Meagan Miller folgt als Senta auf Anja Kampe, die sich in den letzten Jahren zu einer der führenden Sopranistinnen entwickelt hat. Per se keine leichte Vorgabe für Miller, jedoch eine Herausforderung, die sie beherzt und auf überzeugende Weise annimmt. Sie ist eine Vollblut-Sängerin, die der ersten Exzentrikerin der Oper, Senta, ihre omnipräsente Weiblichkeit verleiht, die selbstgewiss davon überzeugt ist, ihren Weg so und nicht anders gehen zu müssen. Ihr strahlender Sopran zeichnet noch in der letzten Todeskonsequenz eine selbstbewusste Frau.
Auf dem Bass von Christof Fischesser – schon in der letztjährigen Wiederaufnahme in der Nachfolge von Matti Salminen als Daland mit hintersinnig gestimmter Linearität überzeugend – lasten noch letzte Reste eines Infekts. Sie scheinen seine musikalische und darstellerische Gestaltungskraft etwas zu zügeln.
Seit der Premiere ist Marco Jentzsch die personifizierte Kontinuität unter den Solisten. Wurde er da noch in der Rolle des Erik als Entdeckung gehandelt, überzeugt er inzwischen auch an diesem Abend durch sichere sängerische Qualität. Ihm gelten neben Volle und Miller bei einem insgesamt zustimmenden Beifall deutlich wahrnehmbare Sympathien des Publikums.
Solisten und Chor der Oper Zürich, von Jürg Hämmerli und Michael Zlabinger auch choreografisch spielfreudig vorbereitet, singen und spielen an diesem frühen Sonntagnachmittag engagiert intensiv. Angesichts der grassierenden Grippewelle, die auch beinahe Volle und Fischesser schachmatt gesetzt hätte, nicht unbedingt selbstverständlich.
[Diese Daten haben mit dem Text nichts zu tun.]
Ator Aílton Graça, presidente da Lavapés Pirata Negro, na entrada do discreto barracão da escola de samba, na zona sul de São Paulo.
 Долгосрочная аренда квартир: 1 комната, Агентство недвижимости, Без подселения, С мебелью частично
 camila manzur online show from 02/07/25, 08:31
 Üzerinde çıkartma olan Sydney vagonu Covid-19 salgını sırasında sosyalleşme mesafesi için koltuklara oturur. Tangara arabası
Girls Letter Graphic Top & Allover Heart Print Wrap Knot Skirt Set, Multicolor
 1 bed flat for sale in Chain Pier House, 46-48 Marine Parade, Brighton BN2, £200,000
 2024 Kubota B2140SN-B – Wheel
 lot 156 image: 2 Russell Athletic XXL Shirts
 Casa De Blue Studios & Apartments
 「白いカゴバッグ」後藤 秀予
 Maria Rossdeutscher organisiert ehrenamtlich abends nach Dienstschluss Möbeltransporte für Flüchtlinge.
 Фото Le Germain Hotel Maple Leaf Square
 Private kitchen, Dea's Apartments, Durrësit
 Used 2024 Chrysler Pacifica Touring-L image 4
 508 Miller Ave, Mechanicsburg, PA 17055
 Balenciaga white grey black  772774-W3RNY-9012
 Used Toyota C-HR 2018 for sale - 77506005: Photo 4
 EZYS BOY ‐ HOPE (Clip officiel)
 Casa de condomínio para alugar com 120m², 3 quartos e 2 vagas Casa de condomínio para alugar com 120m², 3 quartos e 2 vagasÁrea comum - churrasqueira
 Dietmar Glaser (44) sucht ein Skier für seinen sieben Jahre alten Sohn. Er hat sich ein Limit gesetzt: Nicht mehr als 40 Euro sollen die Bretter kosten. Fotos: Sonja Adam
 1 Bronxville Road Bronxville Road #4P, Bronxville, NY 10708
Axel Kober, auch in Bayreuth Dirigent der derzeitigen Holländer-Inszenierung, mobilisiert mit seinem temperierten, Pausen kontrastverstärkend betonenden Dirigat die Philharmonia Zürich zu einer klangdifferenzierenden Interpretation. Eindrucksvolles Blech neben farbigen Streichern zusammen mit den fein abgestimmten Holzbläsern sorgt für einen orchestral überzeugenden Klang.
Für diese Spielzeit war es zwar die letzte Aufführung der Wiederaufnahme. Es sollte allerdings nicht ausgeschlossen sein, dass sich weitere Solisten durch diese Inszenierung in Zürich auch zukünftig herausgefordert sehen.